South Sudan politicians should sink their differences in the interest of their long suffering people
Barely three months after the United Nations forced a delicate peace pact between first Vice-President Riek Manchar and President Salva Kiir, bullets have started flying again in Juba, the capital of South Sudan. And following a few days of fighting that broke out on July 8, 2016, over 300 persons were reported to have been killed even as the UN and world leaders have urged an immediate cessation of hostilities to pave way for a peaceful resolution of the violent conflict that dates back to December 2013. We believe that this is a hugely unfortunate development.
South Sudan earned its independence in July 2011 after 25 years of guerrilla warfare, breaking away from the Moslem-dominated northern part of Sudan. Now the south, which is essentially Christian that had complained about domination and marginalisation by its Moslem brothers from the north, has been unable to hold together for three of its five years of independence. Meanwhile, Sudan that it left has been in peace.
The descent to strife began in May 2013 following political conflicts within the ruling Sudan People’s Liberation Movement. With President Kiir and the now replaced first Vice- President Manchar leading antagonistic sides of the divide, the political struggle for power soon took ethic dimensions. Kiir had dissolved his cabinet, effectively sacking Manchar. The tension generated by that action erupted into violence in December of that year when the president, of Dinka tribe, alleged a coup plot and proceeded to disarm and target soldiers of Nuer’s ethnic origin, forcing Manchar and his pre-independence forces to flee to the country side. From there, they waged war.

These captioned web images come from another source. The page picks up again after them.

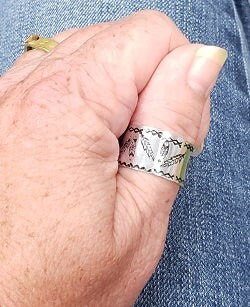 Thumb Ring, western style, western fashion, rodeo fashion, cowgirl style, western wear, cowgirl, cowgirl fashion, Feathers and barbed wire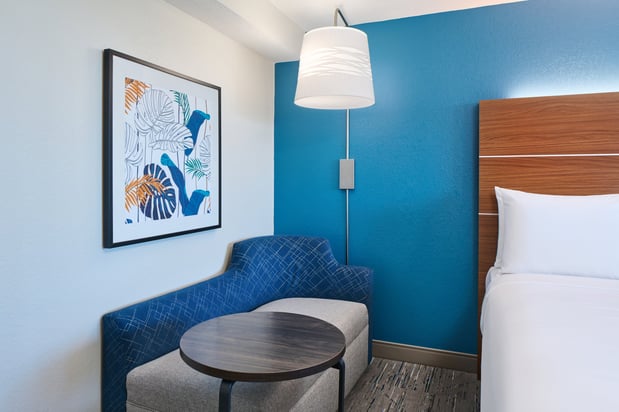 Images Holiday Inn Express Waikiki by IHG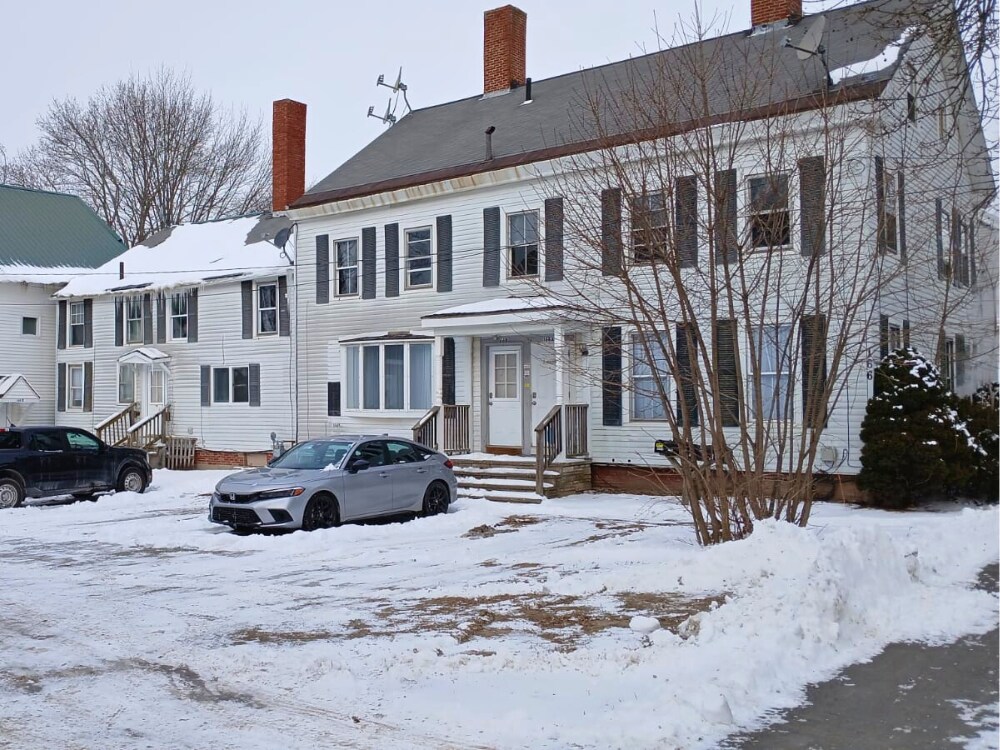 Exterior Image - 166 Essex St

The civil war has deepened the misery of the people who had practically known no peace, following a 25-year war for independence most of which was fought on South Sudan soil with its attendant destruction of the minimal infrastructure that Khartoum grudgingly provided. This internal strife has also displaced about two million people with 720,000 of them forced to seek refuge outside the country. Tens of thousands have been killed and many more thousands risk death from famine.
Needless to say that the country’s economy has nose-dived with its national currency taking a severe bashing while prices of foods and goods have soared, completely out of the reach of many citizens. In three years, South Sudan has become a pathetic humanitarian disaster, with the UN seeking a whopping sum of $1.6 billion to assist 4.6 million people in need in 2015. But the effort was only 62 per cent funded.
Now a burden to the world, the international community brought pressure on Kiir to make peace with Manchar. The first pact in August, 2015 collapsed so was the second in January, 2016. Further pressures brought Manchar back to resume his position in Juba in April, paving the way for the peace deal signed in May in the Ethiopian capital, Addis Ababa. The deal smoothened the ground for a permanent ceasefire followed by the formation of a transitional government, the drafting of a new constitution and, eventually, fresh elections. This was the situation before the fresh outbreak of hostility on July 8, a day to the fifth anniversary of the country’s independence.
While the cause of the breakdown of the latest accord is still unclear, we can only urge South Sudan politicians to move away from the battle fields and return to the negotiating table for reasoned discussions on the way forward for their country in the interest of their long suffering people. It is obvious that the conflicts arose from politics and could only be resolved through politics. To achieve this, the African Union needs to do more to rein in the combatants and free the people of South Sudan from the pangs of sufferings, poverty and want that their political elites have forced on them.